(Captioned web images)
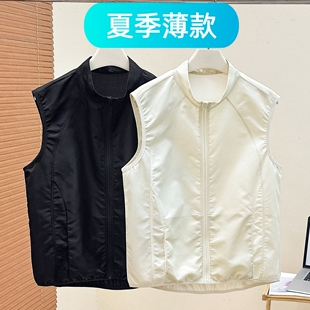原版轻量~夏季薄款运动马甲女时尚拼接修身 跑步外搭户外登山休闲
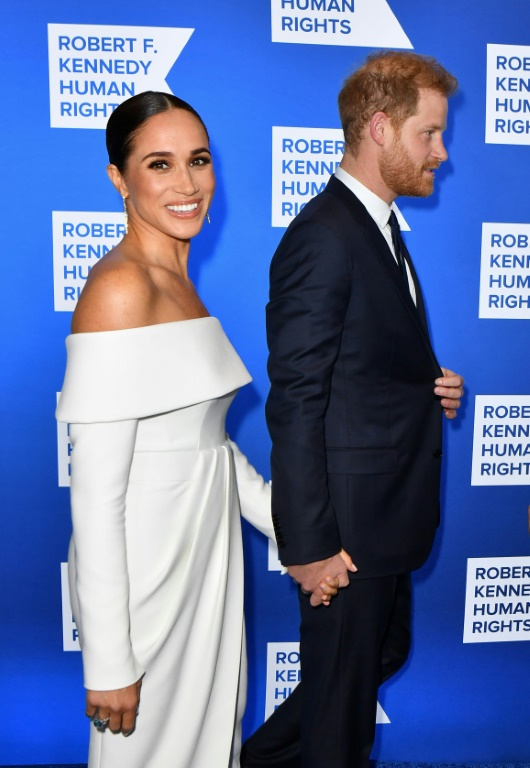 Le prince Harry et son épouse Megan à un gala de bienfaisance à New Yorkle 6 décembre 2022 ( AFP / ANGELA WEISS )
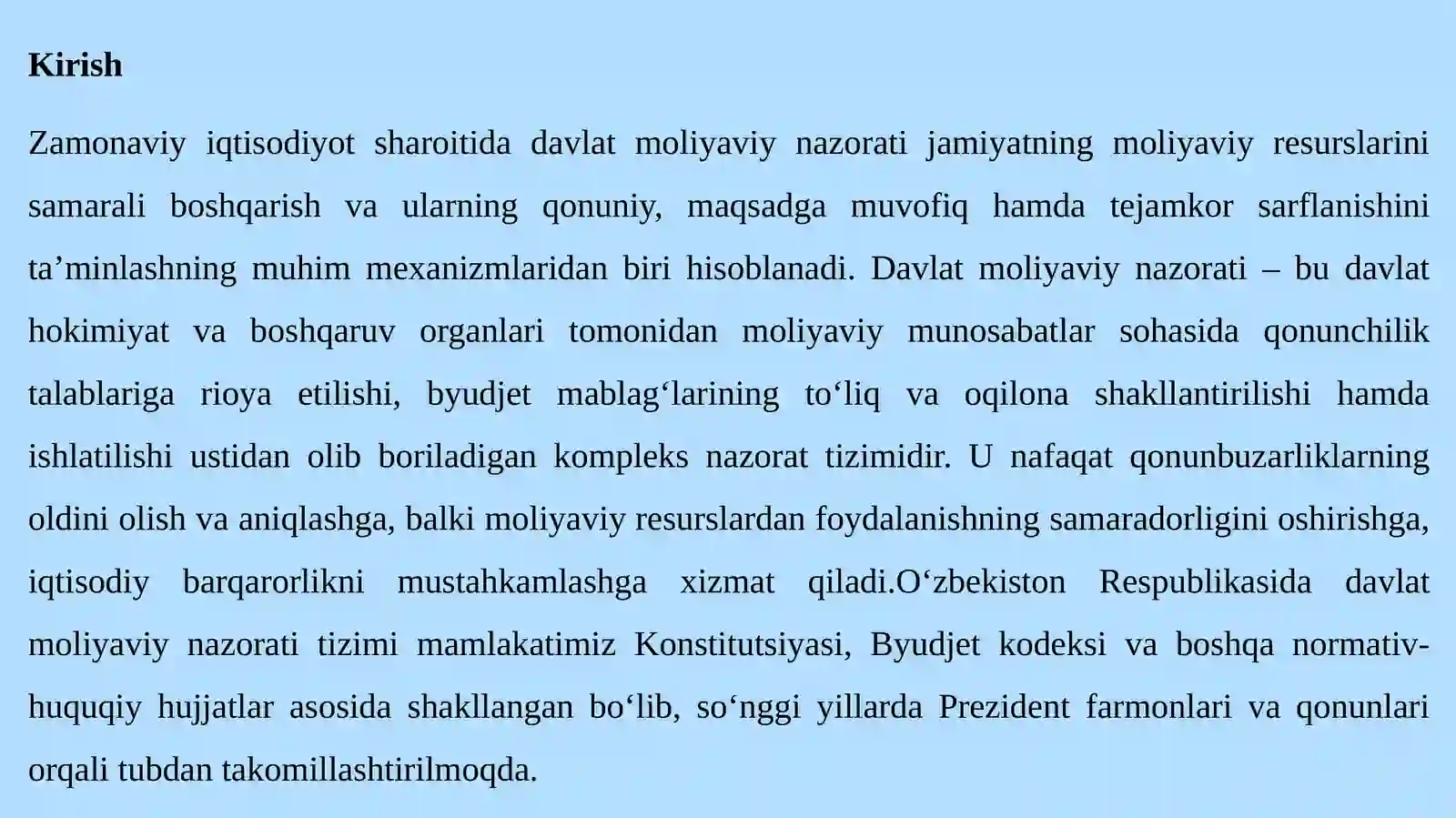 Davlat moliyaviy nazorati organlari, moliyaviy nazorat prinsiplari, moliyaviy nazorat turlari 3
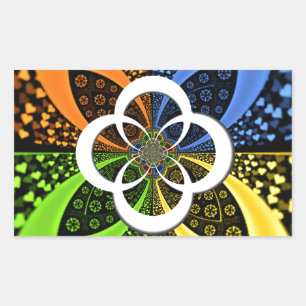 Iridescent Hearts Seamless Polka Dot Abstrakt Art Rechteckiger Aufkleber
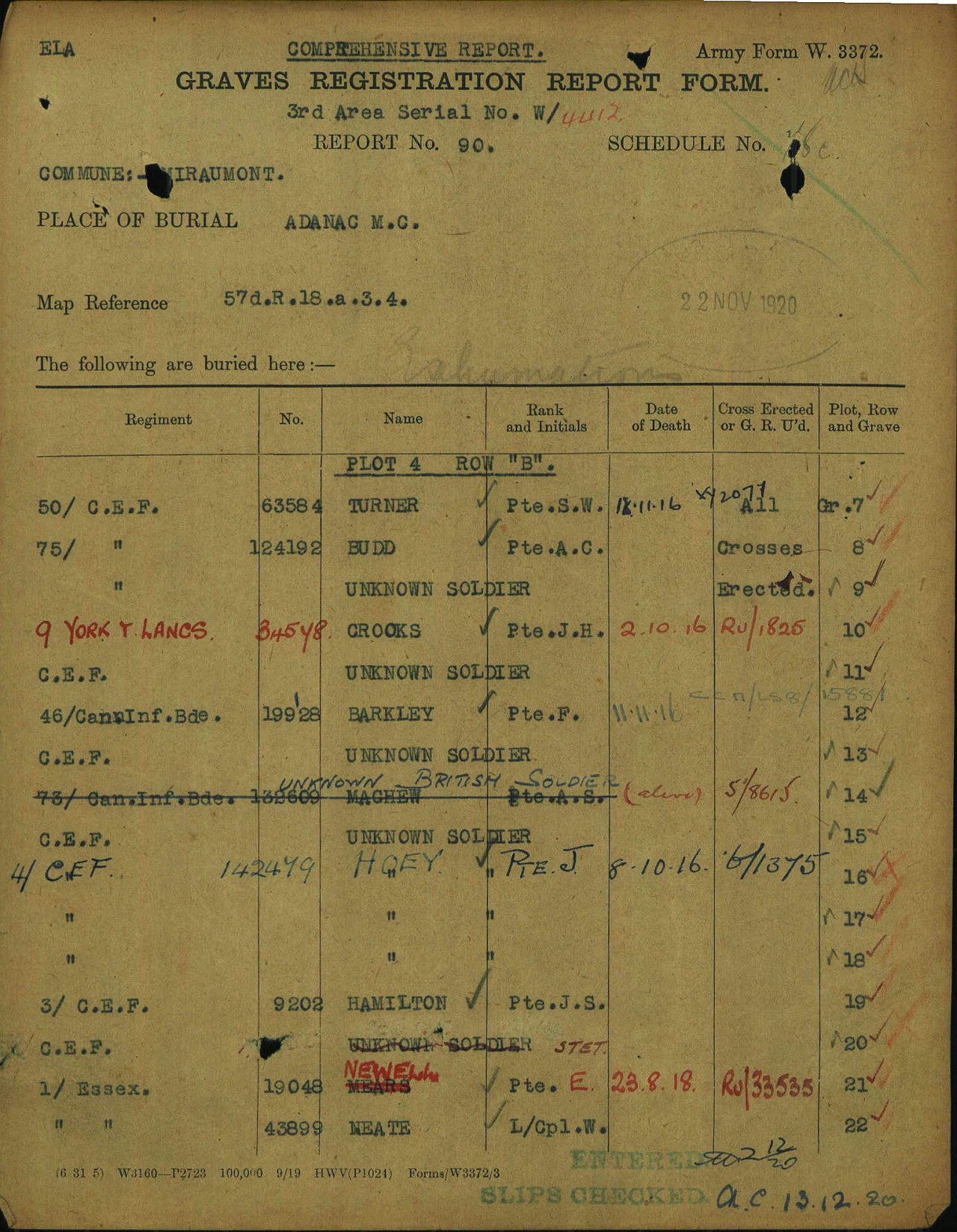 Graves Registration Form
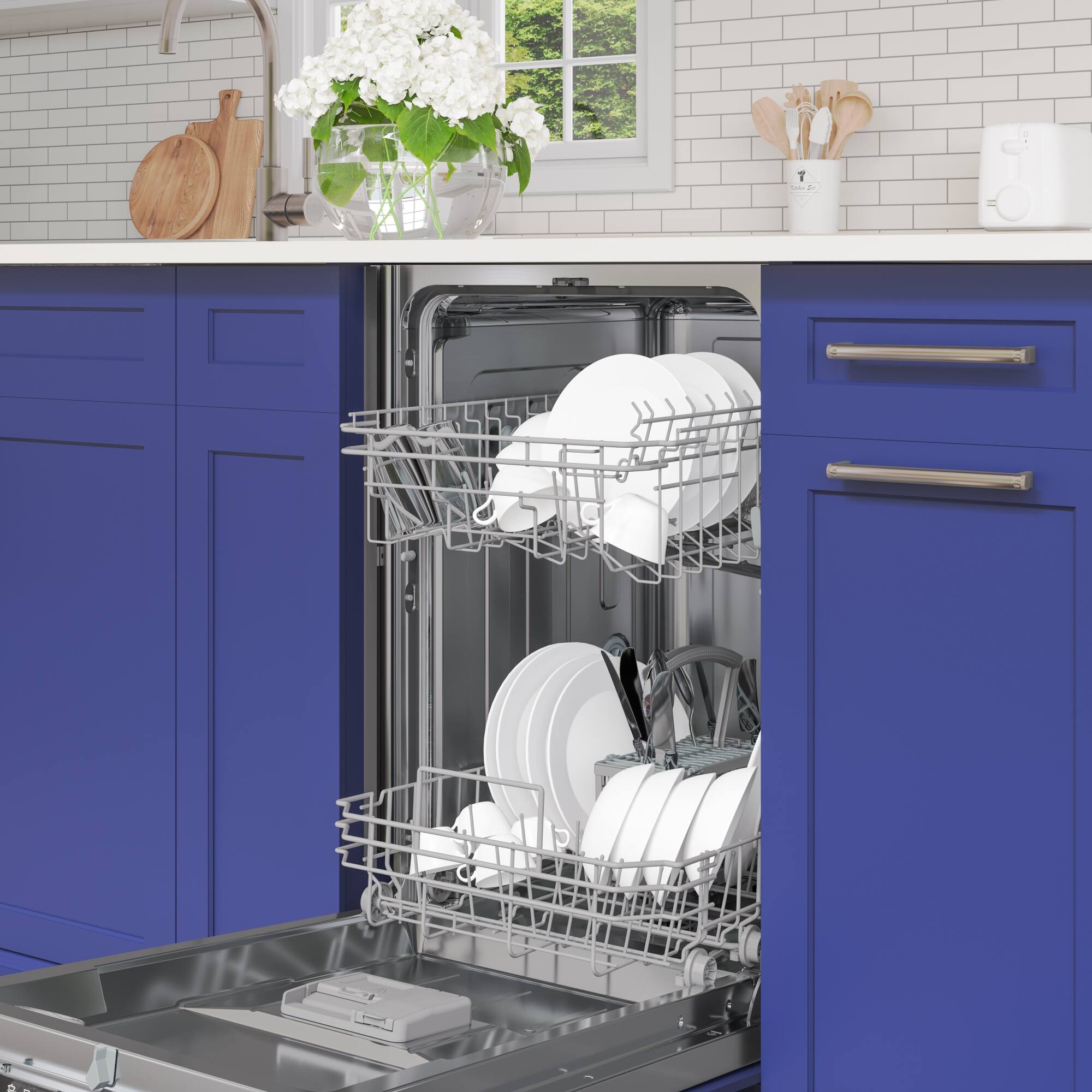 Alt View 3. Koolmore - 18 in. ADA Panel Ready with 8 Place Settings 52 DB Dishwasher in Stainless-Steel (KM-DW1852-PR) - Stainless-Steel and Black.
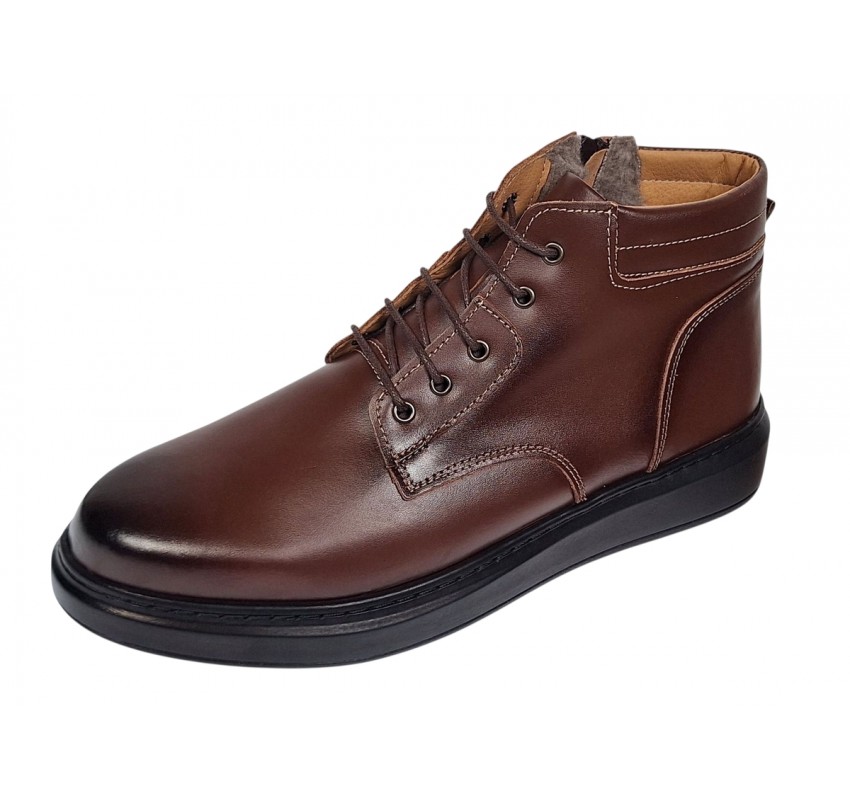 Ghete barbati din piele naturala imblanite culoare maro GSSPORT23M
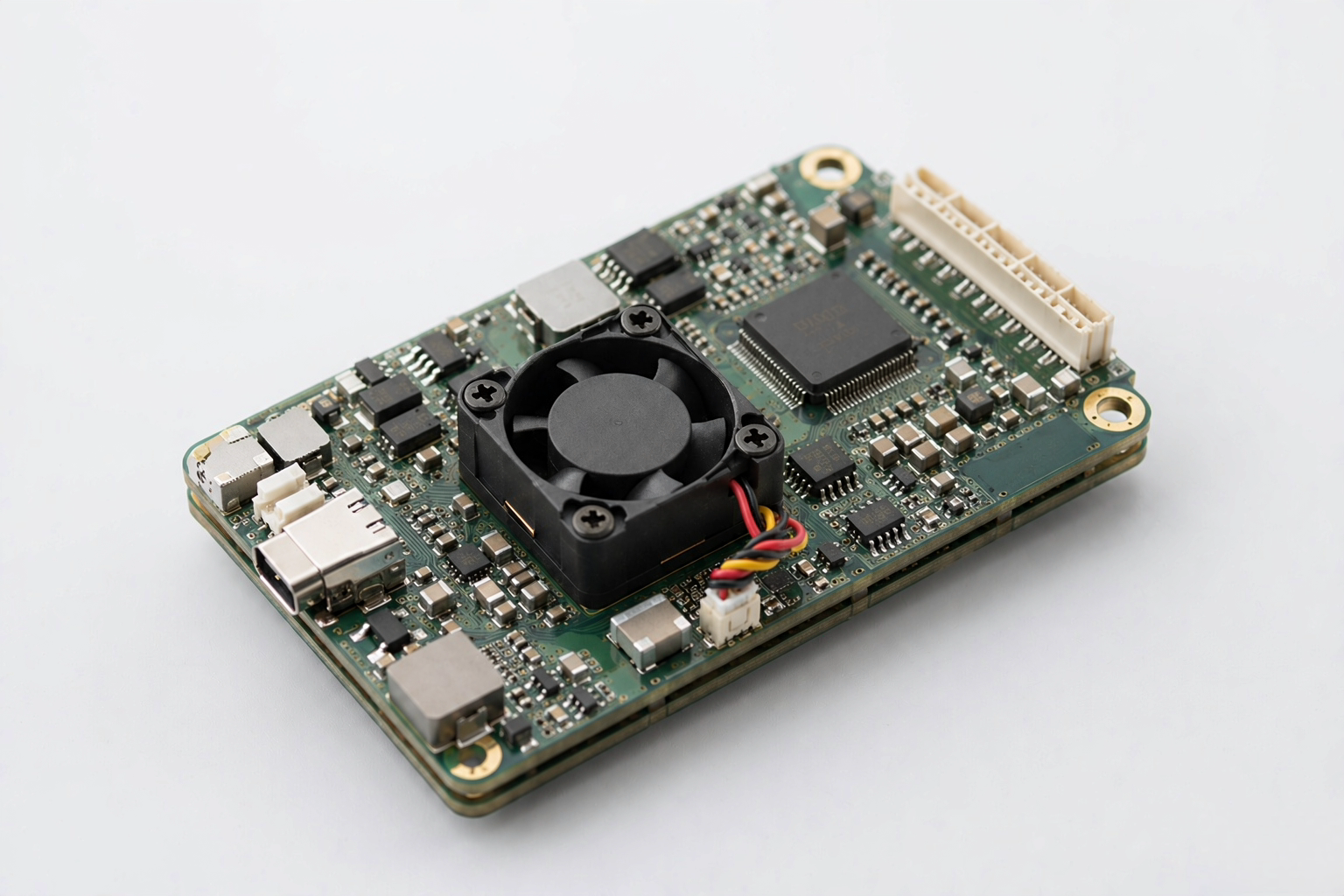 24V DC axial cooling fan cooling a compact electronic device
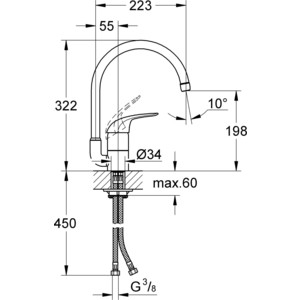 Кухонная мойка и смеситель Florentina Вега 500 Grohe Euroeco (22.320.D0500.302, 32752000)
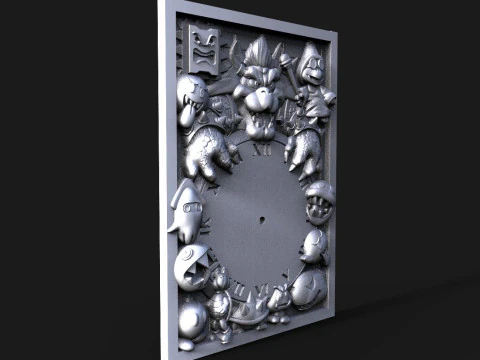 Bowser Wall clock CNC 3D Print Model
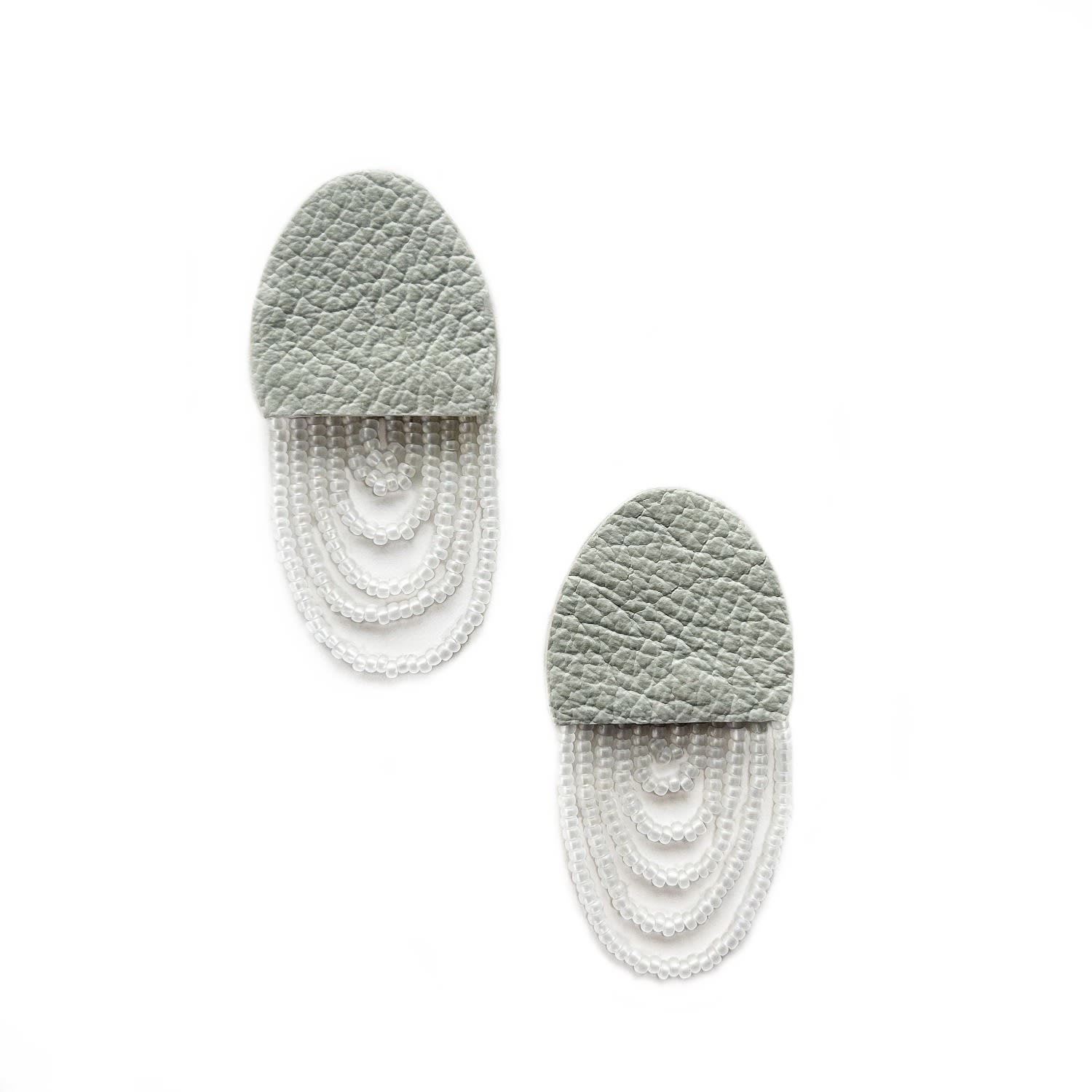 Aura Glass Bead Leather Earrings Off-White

◆ YOUR GOAL ◆
Please write out exactly, and only, the lines from the beginning of the entries through the line containing "Davlat moliyaviy nazorati", including both and skipping all pictures.

◆ RESPONSE TO THIS EXERCISE ◆
原版轻量~夏季薄款运动马甲女时尚拼接修身 跑步外搭户外登山休闲
 Le prince Harry et son épouse Megan à un gala de bienfaisance à New Yorkle 6 décembre 2022 ( AFP / ANGELA WEISS )
 Davlat moliyaviy nazorati organlari, moliyaviy nazorat prinsiplari, moliyaviy nazorat turlari 3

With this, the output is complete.